This article introduces the optimization of "not in" and "not exists" in the T-SQL.
Not inAndNot existsCommand:
In some cases, select, update, and delete operations are required to isolate data. Isolated Data: The associated table does not exist in the master table.
To operate such data, the first response is to use the "not in" or "not exists" command. Using not in will seriously affect the performance, because this command will check each record one by one, resulting in resource shortage, especially when updating and deleting big data, the resource may be locked by these operations.
SelectNot inOrNot exists
Currently, SQL Server has two commands that can be used to insert, update, or delete big data. The performance is much better than not in, and the syntax is much easier than not exists, the written statement looks refreshing. Now let's see their debut, merge and mongot.
Example:
Create two tables first
1 use [MyTest]2 create table Test1 ([id] int, [name] varchar(20))3 create table Test2 ([id] int, [name] varchar(20), [address] varchar(100))
1 declare @RowC int2 declare @Name varchar(20)3 set @RowC = 04 while @RowC < 4000005 Begin6 set @Name = 'TestName' + CAST(@RowC as varchar(10))7 insert into Test1(id, name) values(@RowC, @Name)8 set @RowC = @RowC+19 end
1 declare @RowC int 2 declare @Name varchar(20) 3 declare @Address varchar(100) 4 set @RowC = 0 5 while @RowC < 500000 6 Begin 7 set @Name = 'TestName' + CAST(@RowC as varchar(10)) 8 set @Address = 'TestAddress' + CAST(@RowC as varchar(10)) 9 insert into Test2([id], [name], [address]) values(@RowC, @Name, @Address)10 set @RowC = @RowC+111 end
Use the not in commandSelect/update/deleteOperation:
1 SELECT [name] FROM Test2 where [name] not in (select [name] from Test1)2 UPDATE Test2 SET [name] =N'New_Name' where [name] not in (select [name] from Test1)3 DELETE Test2 FROM Test2 where [name] not in (select [name] from Test1)
Better performance, more concise syntaxMerge and merge t:
1 merge Test2 T using (select name from Test2 except select name from Test1 )S on t.name=s.name2 when matched then update SET name=N'New_Name' ;3 merge Test2 T using (select name from Test2 except select name from Test1 )S on t.name=s.name4 when matched then delete ;5 SELECT * FROM Test2 S where not exists (select 1 from Test2 inner join Test1 on Test2.name=Test1.name and Test2.name=s.name)
Note that some of the above still use not exists:
1 SELECT name FROM Test2 S where not exists (select 1 from Test2 inner join Test1 on Test2.name=Test1.name and Test2.name=s.name)
Now we need to use the concise example t:
1 select name from Test1 except select name from Test2
Here we just give an example, without showing the actual comparison data. However, the performance of merge and mongot commands in big data processing is better
Not in is much better, and the code is much more concise than not exists. Believe it or not, I believe it !!!
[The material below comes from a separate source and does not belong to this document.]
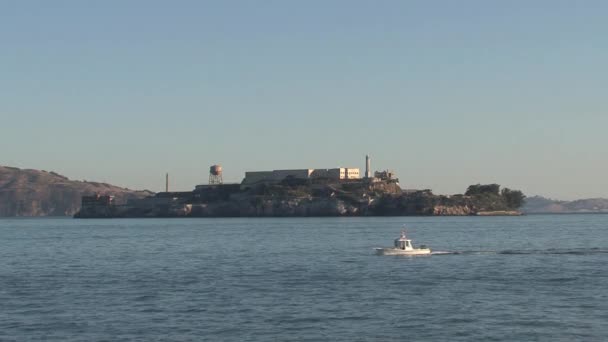 Pequeño Barco Frente Alcatraz — Vídeos de Stock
On the test data Hello:Test1 has400000Data entries in Test2500000Data entries.100000The names of data entries are different.
Select not in: 18 seconds
Select distinct T: almost no time spent
Update Not in: 19 seconds
Update into T, merge:
The delete operation is basically the same as the previous two operations, so we will not delete them here.
Not exists has no better performance than limit T. On my test data, the two operations are almost completed within one second !!!
Thank you @ Xu shaoxia for your comments and comments. I hope you can take a look.